OVER AGAIN


No meio da viagem Valerie olhou para o caderno digital, estava escrito em tela cheia "OVER AGAIN" em letreiros negros em um fundo dourado, finalmente estava voltando para casa, "OVER AGAIN" deveria ser o ponto zero, o lugar de onde partiu, sua casa, sentia a coisa mais horrível do mundo, parecia estar em uma corda cósmica, uma extensão deformando o espaço-tempo por completo, era como estar em um mundo subvertido, porém a sensação de voltar para casa fazia com que suportasse aquela dor que parecia desintegrar seus átomos constituintes de sua matéria.

Estava tonta e enjoada, e olhando em volta de si estava mais uma vez no passado de Arley, no mesmo lugar com o air car estacionado, mas a experiência agora era outra, parecia estar em um jogo, poderia ser uma realidade virtual e nada mais, sua mãe adorava dizer que não passamos de uma grande simulação do universo interligados e impulsionados por redes neurais eletroquímicas, era uma neurologista respeitada, embora muito reservada e neutra com suas teorias.

-Pelo visto consegui trazê-la novamente, eu tinha feito os cálculos errados, por isso você foi parar no vácuo, peço perdão por colocar sua vida em risco, sua avó e aquelas contas sempre me pegaram [...]

-Espere!
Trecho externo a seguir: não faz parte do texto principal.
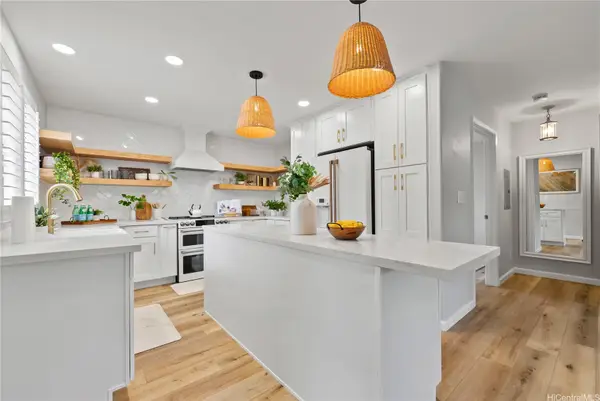 95-205 Kemu Place, Honolulu, HI 96789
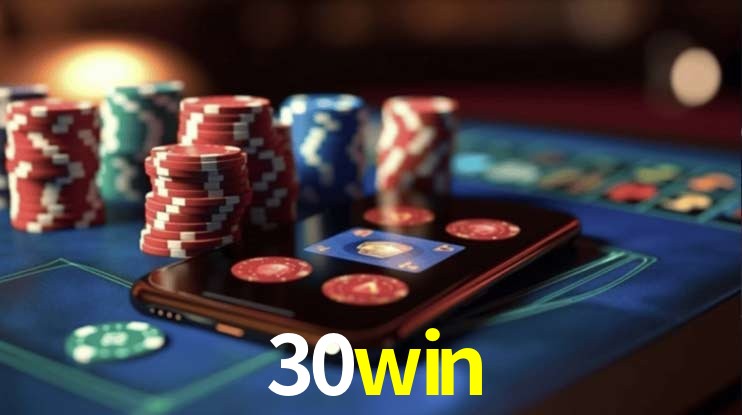 Benefícios da Conta 30win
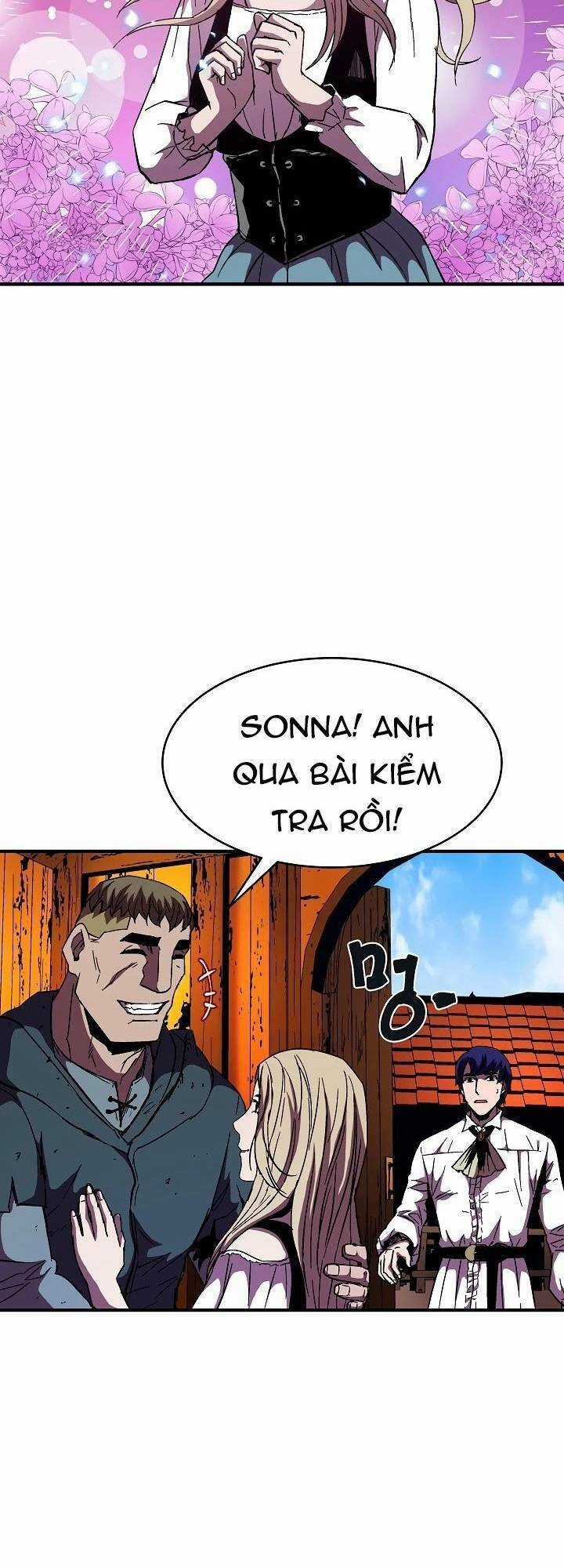 Sự Trở Lại Của Pháp Sư 8 Vòng Chương 45 trang 22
Como me fez voltar ao tempo? Os guardiões dos "Táquions" não podem usá-los, isso é vetado. E o que é você? Alguma inteligência artificial forte? Como sua memória e seu corpo permanecem se já está morto?-Indagou Valerie Weiss interrompendo as falas do homem que supostamente seria seu avô paterno.

Um silêncio tomou conta do local, Valerie estava um pouco mole, e viu ali aquele homem chorar, abaixou-se diante da garota para abraçá-la, que por sua vez resolveu tocar as lágrimas, queria ter certeza de que eram reais, os óculos do avô caiu no chão, uma velha agenda parecia estar repleta de contas, incluindo o cálculo do mais famoso E=m.c², em que E era a Energia, "m" a massa do corpo e "C" a constante de velocidade da luz, tudo parecia um mistério sem fim, enquanto isso o tempo lá fora corria, não sabia quanto tempo tinha se passado, como o Relógio do Juízo Final já se aproximava da meia noite, talvez o restante da sua família já nem exista mais, e ela estava presa naquela cadeia de portais sem saber de nada. Frustrada tentou enfiar a cabeça no tablet, mas não era possível ser sugada novamente pelo Touchscreen.

-Os "Táquions" ou partículas antimatéria não são a única forma de viajar no tempo, e aliás um dia não passaram de erro científico, o conhecimento é algo muito amplo, e teorias não são verdades absolutas, portanto por mais que o prefixo "a" em Biologia costume ser uma negação, isso nem sempre é verdade, pode ser um "7" da escala de pH para um Agnóstico. É possível distorcer o espaço-tempo, a geometria Euclidiana não se demonstra absoluta para grandes dimensões, então entramos nos quantas, embora uma viagem no tempo exija energia infinita, sabemos que um quantum é suficiente para impulsionar partículas subatômicas, logo nada como uma transformação de massa e energia em módulos negativos para deformar a quarta dimensão e trazê-la de volta ao passado, com isso a coloquei em cordas cósmicas desdobrando o espaço-tempo até esse passado, e penso que isso resolverá seu problema para ir embora, no entanto em módulo progressivo.-Disse Donald como se a menina fosse sua orientada de doutorado.

-Isso explica a dor terrível que senti para voltar até esse mundo! Mas você ainda não me disse o que é tudo isso, não me explicou como alguém já falecido pode estar projetado em minha frente com matéria em três dimensões, com consciência contínua, e muito menos qual é o objetivo disso tudo.-Falou a menina chorando e tentando retirar a IA de seu corpo.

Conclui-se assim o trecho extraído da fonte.